◆ TO DO: Beginning with the line that contains "Gothic Spider, Day" in the material below, print each line exactly until the line that contains "Three bedroom house" has been printed, then stop.

◆ DATA RECORDS:
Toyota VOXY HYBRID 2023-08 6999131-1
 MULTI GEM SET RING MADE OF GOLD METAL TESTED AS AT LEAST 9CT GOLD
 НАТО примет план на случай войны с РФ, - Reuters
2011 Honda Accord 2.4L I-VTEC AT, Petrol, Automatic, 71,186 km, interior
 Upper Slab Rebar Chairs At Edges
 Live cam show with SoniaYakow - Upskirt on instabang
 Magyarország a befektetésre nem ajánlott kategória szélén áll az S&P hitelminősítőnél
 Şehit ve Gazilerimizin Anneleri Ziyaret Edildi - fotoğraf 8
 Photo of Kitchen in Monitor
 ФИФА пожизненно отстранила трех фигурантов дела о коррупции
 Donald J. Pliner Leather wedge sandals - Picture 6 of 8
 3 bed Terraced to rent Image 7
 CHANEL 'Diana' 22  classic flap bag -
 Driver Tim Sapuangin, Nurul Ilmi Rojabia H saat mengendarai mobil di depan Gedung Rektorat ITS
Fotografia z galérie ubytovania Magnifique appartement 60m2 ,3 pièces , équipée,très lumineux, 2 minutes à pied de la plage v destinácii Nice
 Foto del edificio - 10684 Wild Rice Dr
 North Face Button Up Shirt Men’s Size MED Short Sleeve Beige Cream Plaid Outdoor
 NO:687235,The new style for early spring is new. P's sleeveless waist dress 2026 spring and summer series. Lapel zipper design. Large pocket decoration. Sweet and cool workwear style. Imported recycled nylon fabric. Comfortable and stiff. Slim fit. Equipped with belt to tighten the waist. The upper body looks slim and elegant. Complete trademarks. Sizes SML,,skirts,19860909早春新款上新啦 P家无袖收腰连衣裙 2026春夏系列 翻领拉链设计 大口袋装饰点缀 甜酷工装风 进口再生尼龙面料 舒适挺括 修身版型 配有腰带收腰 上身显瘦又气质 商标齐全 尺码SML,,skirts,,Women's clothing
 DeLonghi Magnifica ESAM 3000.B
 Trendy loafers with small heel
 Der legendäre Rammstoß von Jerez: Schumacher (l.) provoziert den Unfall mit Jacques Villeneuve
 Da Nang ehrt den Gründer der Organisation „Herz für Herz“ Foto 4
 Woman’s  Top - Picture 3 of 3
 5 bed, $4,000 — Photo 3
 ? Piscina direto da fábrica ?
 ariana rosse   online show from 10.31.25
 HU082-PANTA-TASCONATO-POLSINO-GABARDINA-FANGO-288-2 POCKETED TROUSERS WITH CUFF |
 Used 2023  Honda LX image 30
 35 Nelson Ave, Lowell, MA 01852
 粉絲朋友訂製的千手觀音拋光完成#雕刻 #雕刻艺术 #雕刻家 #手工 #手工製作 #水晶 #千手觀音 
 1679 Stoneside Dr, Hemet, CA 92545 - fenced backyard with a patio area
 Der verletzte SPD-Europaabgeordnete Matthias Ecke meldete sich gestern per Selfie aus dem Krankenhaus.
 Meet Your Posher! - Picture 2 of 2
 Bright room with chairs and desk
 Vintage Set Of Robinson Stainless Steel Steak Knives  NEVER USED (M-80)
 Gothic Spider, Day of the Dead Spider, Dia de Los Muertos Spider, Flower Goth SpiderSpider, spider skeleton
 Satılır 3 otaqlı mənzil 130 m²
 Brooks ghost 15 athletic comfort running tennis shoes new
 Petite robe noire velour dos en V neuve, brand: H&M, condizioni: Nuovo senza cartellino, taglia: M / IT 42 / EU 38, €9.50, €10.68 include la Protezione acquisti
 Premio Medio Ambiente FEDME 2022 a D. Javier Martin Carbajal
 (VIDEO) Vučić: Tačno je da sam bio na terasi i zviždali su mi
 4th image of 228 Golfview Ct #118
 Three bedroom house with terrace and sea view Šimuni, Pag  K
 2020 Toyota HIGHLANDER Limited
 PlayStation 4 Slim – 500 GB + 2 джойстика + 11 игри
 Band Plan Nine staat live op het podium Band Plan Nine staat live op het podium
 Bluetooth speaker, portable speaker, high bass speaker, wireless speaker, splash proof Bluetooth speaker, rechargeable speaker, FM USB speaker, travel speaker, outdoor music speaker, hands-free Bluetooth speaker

◆ EXERCISE RESULT:
 Gothic Spider, Day of the Dead Spider, Dia de Los Muertos Spider, Flower Goth SpiderSpider, spider skeleton
 Satılır 3 otaqlı mənzil 130 m²
 Brooks ghost 15 athletic comfort running tennis shoes new
 Petite robe noire velour dos en V neuve, brand: H&M, condizioni: Nuovo senza cartellino, taglia: M / IT 42 / EU 38, €9.50, €10.68 include la Protezione acquisti
 Premio Medio Ambiente FEDME 2022 a D. Javier Martin Carbajal
 (VIDEO) Vučić: Tačno je da sam bio na terasi i zviždali su mi
 4th image of 228 Golfview Ct #118
 Three bedroom house with terrace and sea view Šimuni, Pag  K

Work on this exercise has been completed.